Exercise directions -
Return exactly, please, the line that contains "5 Movie Tickets" and every line after it through the end of the material that follows, leaving pictures aside.

Supplied data -
-*-*-
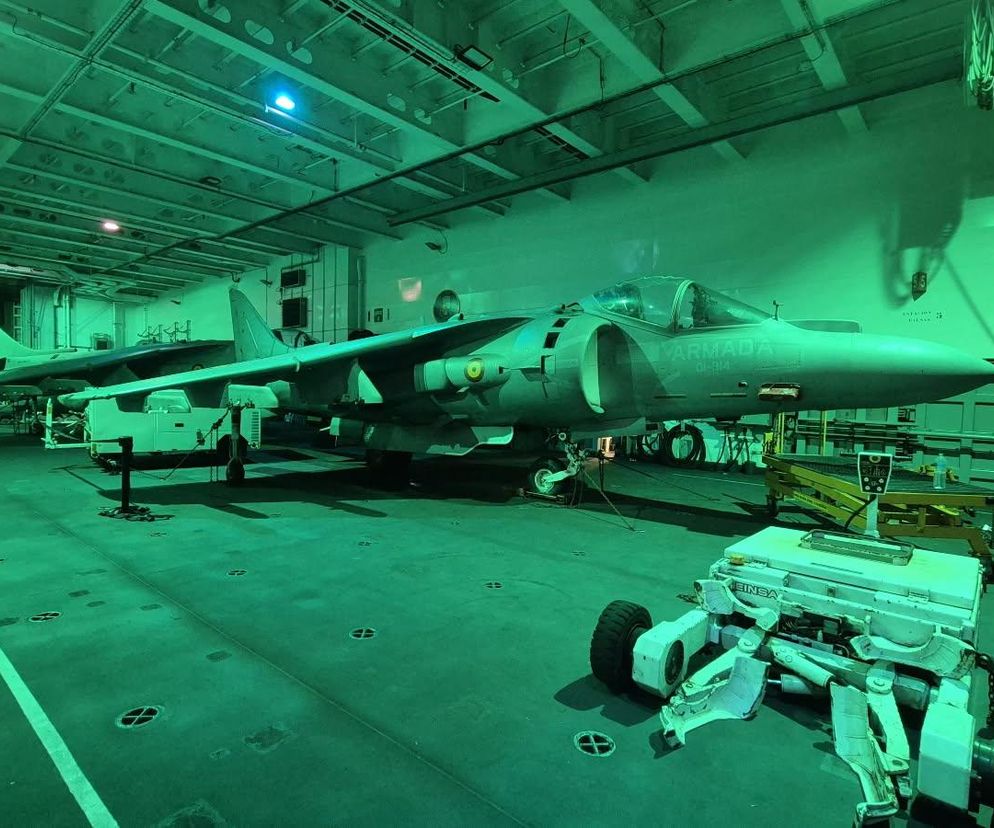 McDonnell Douglas AV-8B Harrier II
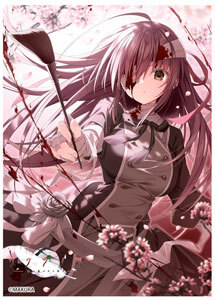 MT卡套 櫻之刻 御桜稟 (MT2027)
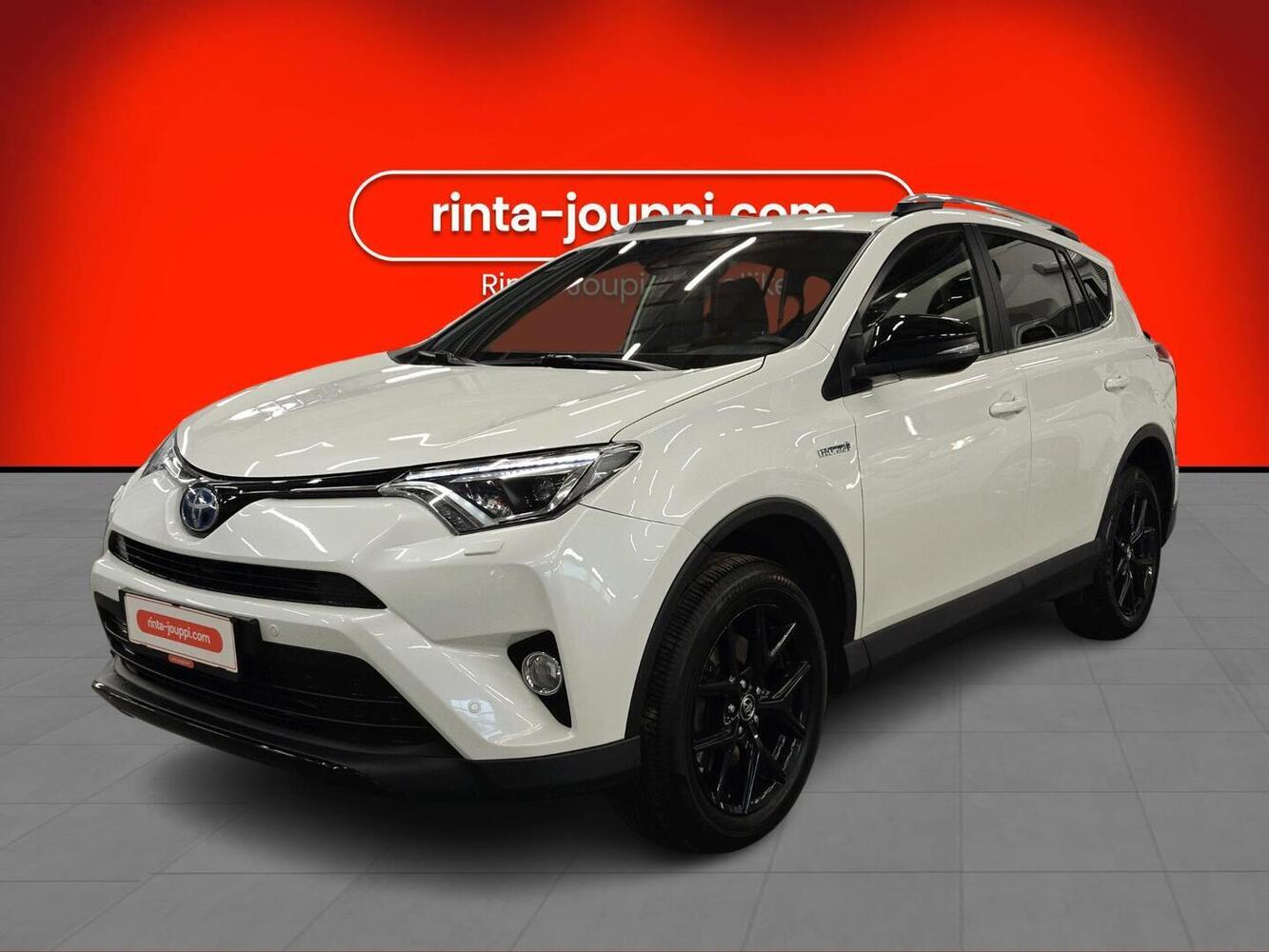 Toyota RAV4 vaihtoauto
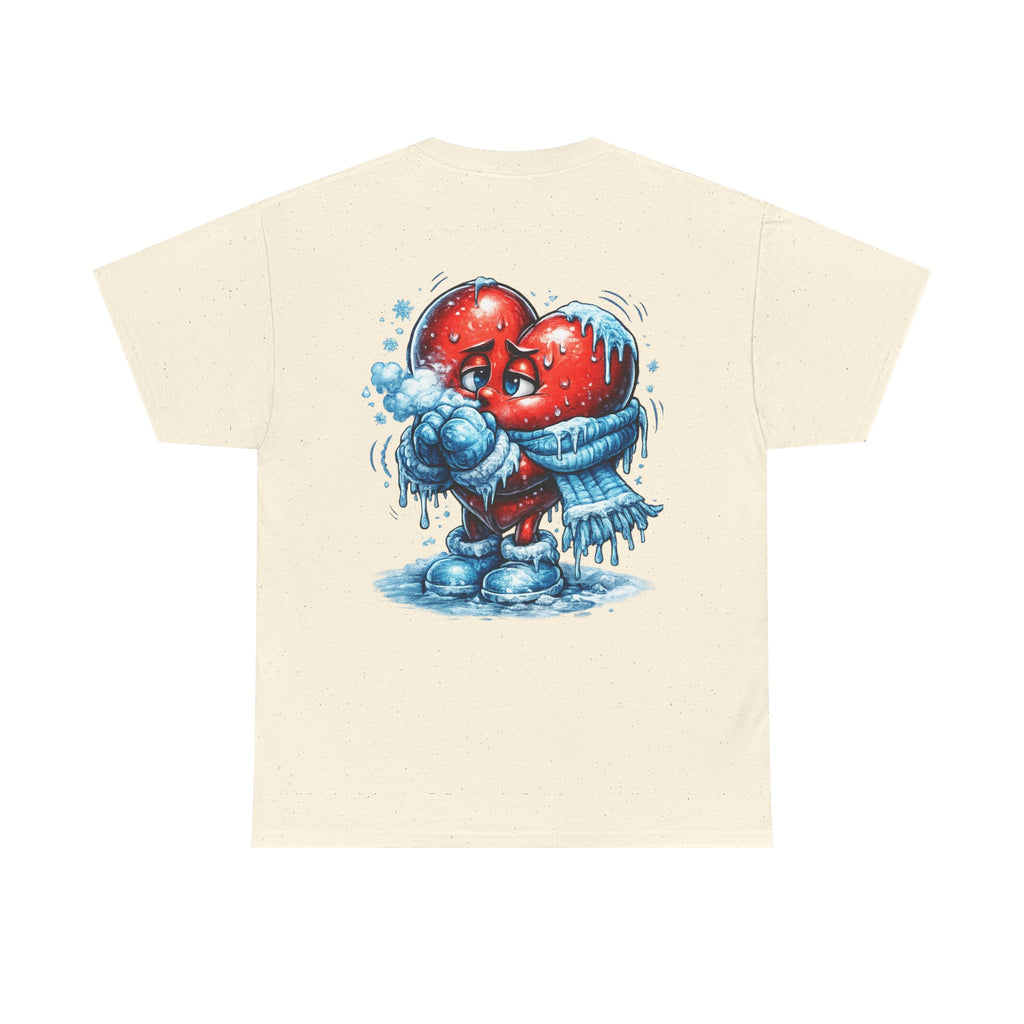 EMNT Heart Of Ice T Shirt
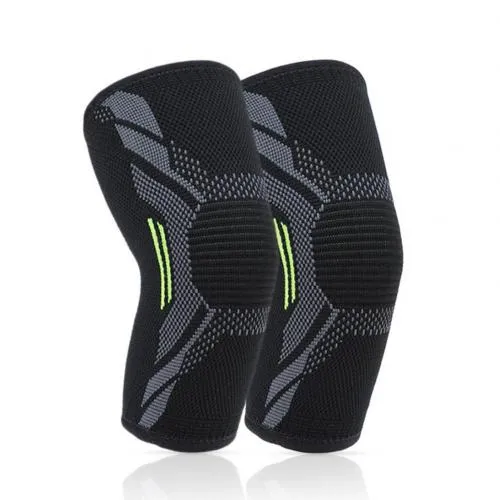 Premium Elbow Support Brace for Sports, Tennis, Golf & Basketball - Elastic Compression Sleeve, Anti-Slip Design for Elbow Pain Relief, Arthritis & Tendonitis Protection, Unisex, 1PC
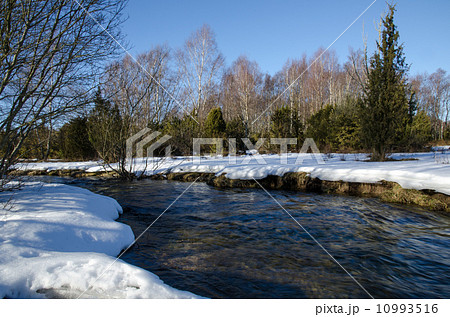 Flowing water Flowing water 10993516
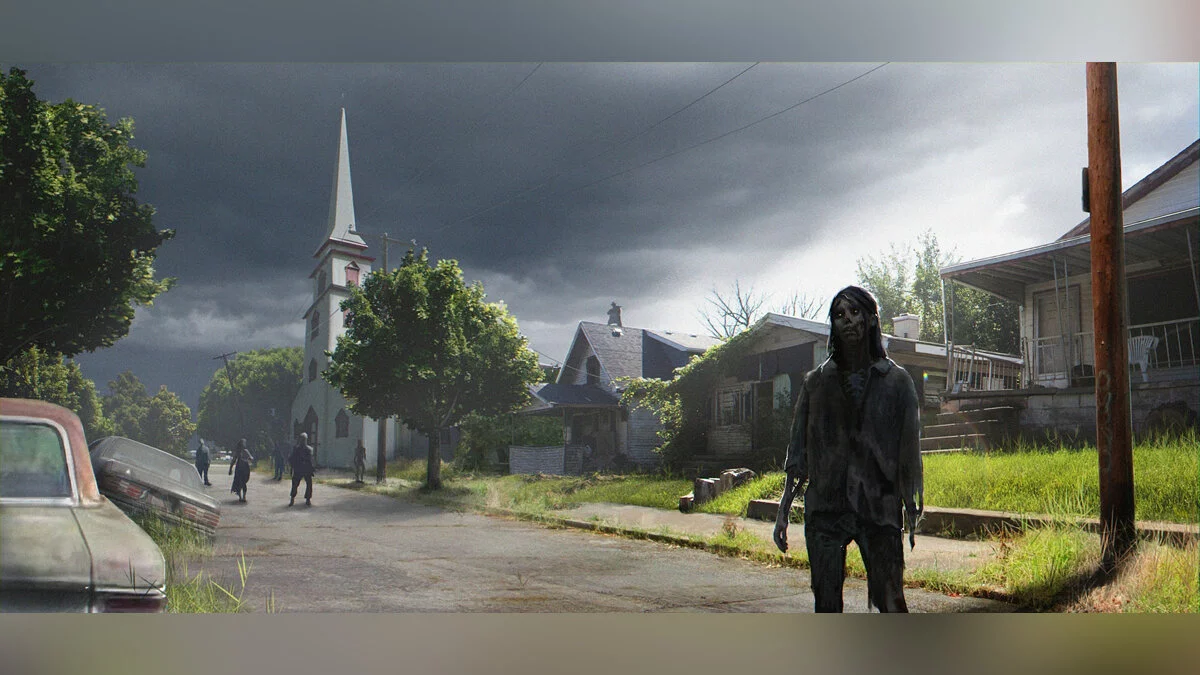 Арт из State of Decay 2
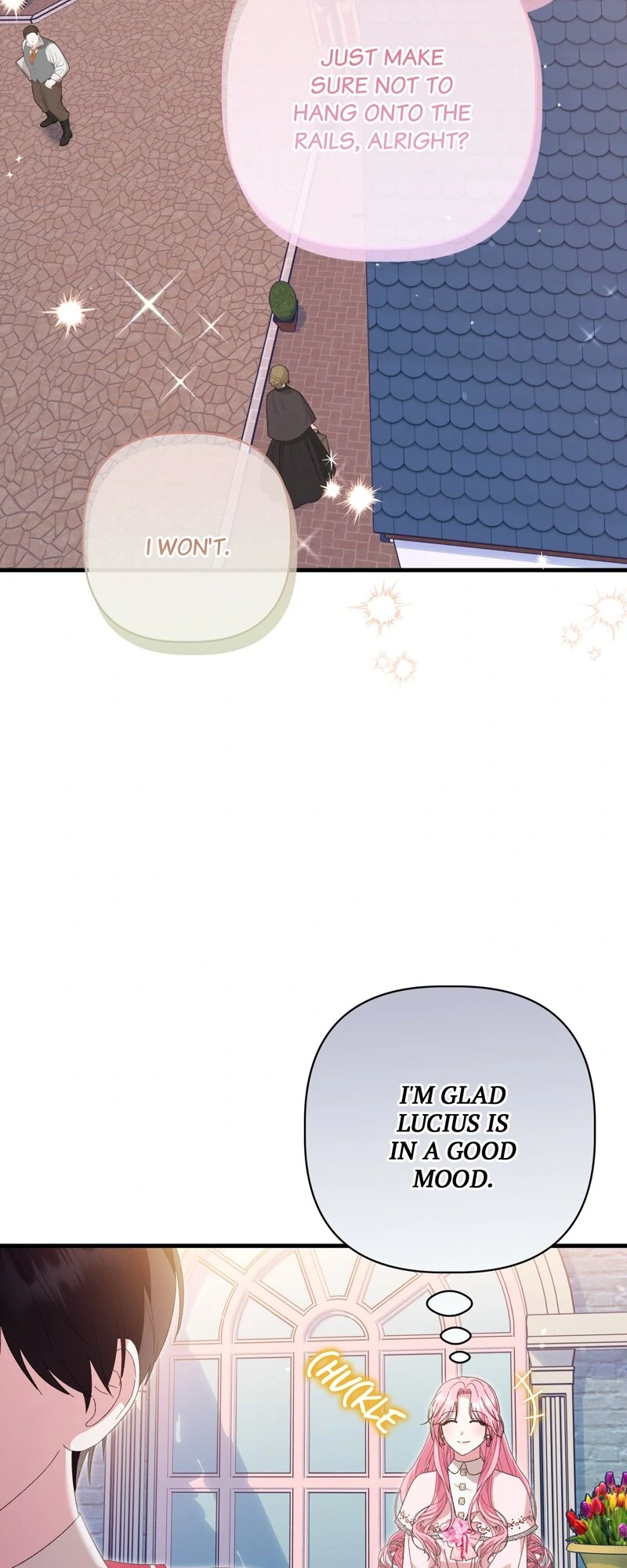 Becoming a Family With the Duke and His Dear Son Chapter 31 - Page 27
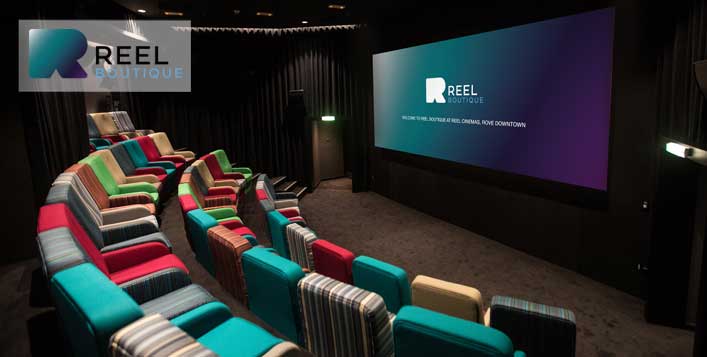 5 Movie Tickets At Reel Cinemas Rove Downtown Cobone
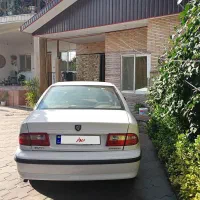 سمند مولتی پلکس ۹۰|خودرو سواری و وانت|چالوس, |دیوار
-*-*-
Response below -
 5 Movie Tickets At Reel Cinemas Rove Downtown Cobone
 سمند مولتی پلکس ۹۰|خودرو سواری و وانت|چالوس, |دیوار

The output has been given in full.